This downtown eyesore’s days are numbered
A wrecking ball will soon swing into the dilapidated walls of one of downtown Davenport’s worst eyesores, making way for what the Downtown Davenport Partnership anticipates will go from long-time nuisance to “iconic structure”.
Several developers are already anxious to pitch their ideas for the soon-to-open prime real estate at downtown’s eastern gateway, said Kyle Carter, Executive Director of the Downtown Davenport Partnership. The partnership, which used its resources to purchase the property for $210,000 and turn it over to local non-profit Demolition Davenport, is putting the final touches on a Request for Proposals geared to find the best use possible for the high-visibility parcel.
The empty Howard Johnson hotel on the site has sat empty since 2009, earning it the dubious distinction of being one of downtown’s most notorious blighted properties.
While multiple local developers have already expressed early interest, Carter said the RFPs will be distributed nationally, hopefully giving the Partnership a wide range of attractive options when picking a developer.

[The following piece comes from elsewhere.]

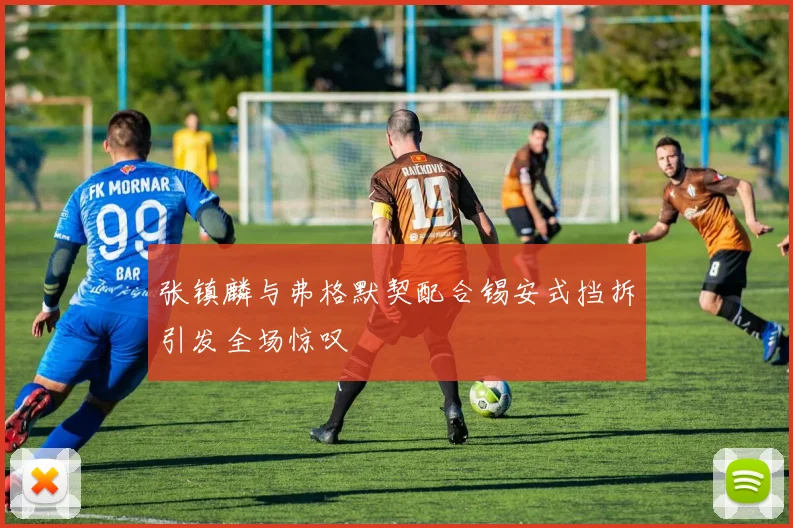 张镇麟与弗格默契配合锡安式挡拆引发全场惊叹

Downtown Partnership and City staff have a hiearchy of uses they’d like to see. Number one is corporate office or Class A office space. The second choice is a mixed-use development with some Class A office combined with residential or commercial uses. The third and fourth choices are a business class hotel and market rate residential – either rental or owner occupied.

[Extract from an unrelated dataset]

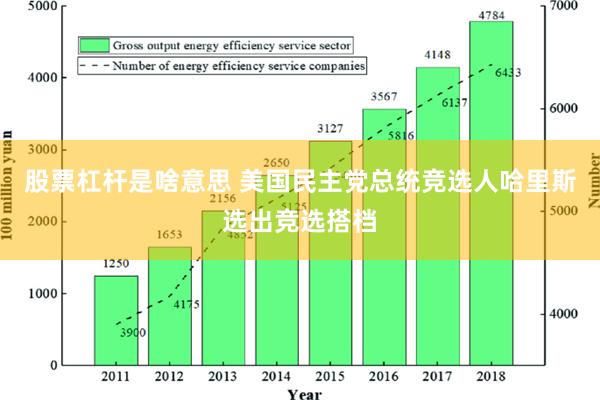 股票杠杆是啥意思 美国民主党总统竞选人哈里斯选出竞选搭档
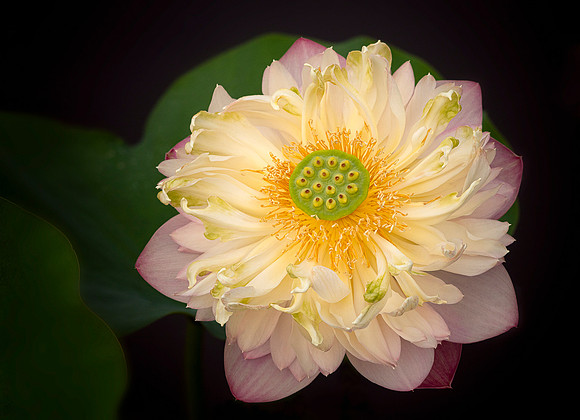 'Birthday Peach' Lotus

The former Clayton House Hotel (and Howard Johnson) in its heyday
Carter said the push for office development is driven by a few factors. For one, most of the downtown building stock is older, historic businesses which are often difficult and expensive to convert into modern office use. Secondly, while the massive increase in new downtown market rate apartments has been good for business, office space drives up demand for daytime retail and commercial uses even more.

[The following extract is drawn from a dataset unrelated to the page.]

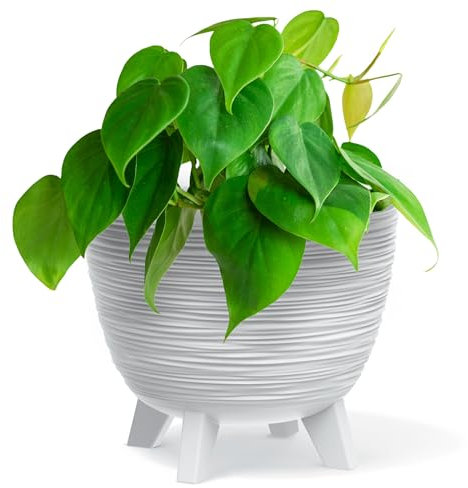 Bowl Planter Plant Pot with Legs Oval Flower Modern Decorative FURU Indoor 4 Colours Modern Elegant Plqastic Matt Finish Textured Home Office Balcony Lightweight (White, 23.6cm)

“For one, much of the downtown office space is historic with narrow column spacing, making it functionally obsolete for certain styles of corporate office design,” Carter said. “New construction offers developers a blank slate; we have a real opportunity to add more variety to our commercial offerings downtown to suit users that are seeking more open space.”
The key is finding the right balance of uses downtown, Carter added.
“We’ll never be able to compete completely with greenfield office development because of cost. But we think we can find those companies that are the right fit; especially those that need young professionals who want to be in that urban environment.”
Bruce Berger, Director of Community Planning & Economic Development in Davenport, said having the Partnership and a non-profit like Demolition Davenport help assemble the property and prepare it is incredibly helpful. It takes out the fear of the unknown, especially unknown expenses, that can make developers uneasy and risk-averse, he said. Without spending any City of Davenport taxpayer money, the two entities have:
- Completed environmental risk assessment reports
- Solicited bids for demolition (the cost of which will borne by the developers)
- Below-ground environmental and flood reports
- Debris removal
- Environmental mitigation (which will be underway this September)
The proposals that are received will be reviewed by the Downtown Davenport Partnership taskforce and ultimately voted upon by the Partnership’s Board of Directors. The following criteria will be used to determine the best developer:
- Experience, Qualifications and Expertise
- Preferred Use Factors
- Proposed Costs/Thoughtfulness of Bid
- Financial and Environmental Sustainability
- Design Quality, Scale & Aesthetics (meets or exceeds City downtown design guidelines)
- Thoroughness, and Responsiveness of Proposal
Carter expects the RFP to be issued this week with proposals due back Aug. 25. Interviews with finalists and the selection by the board would occur by the end of September.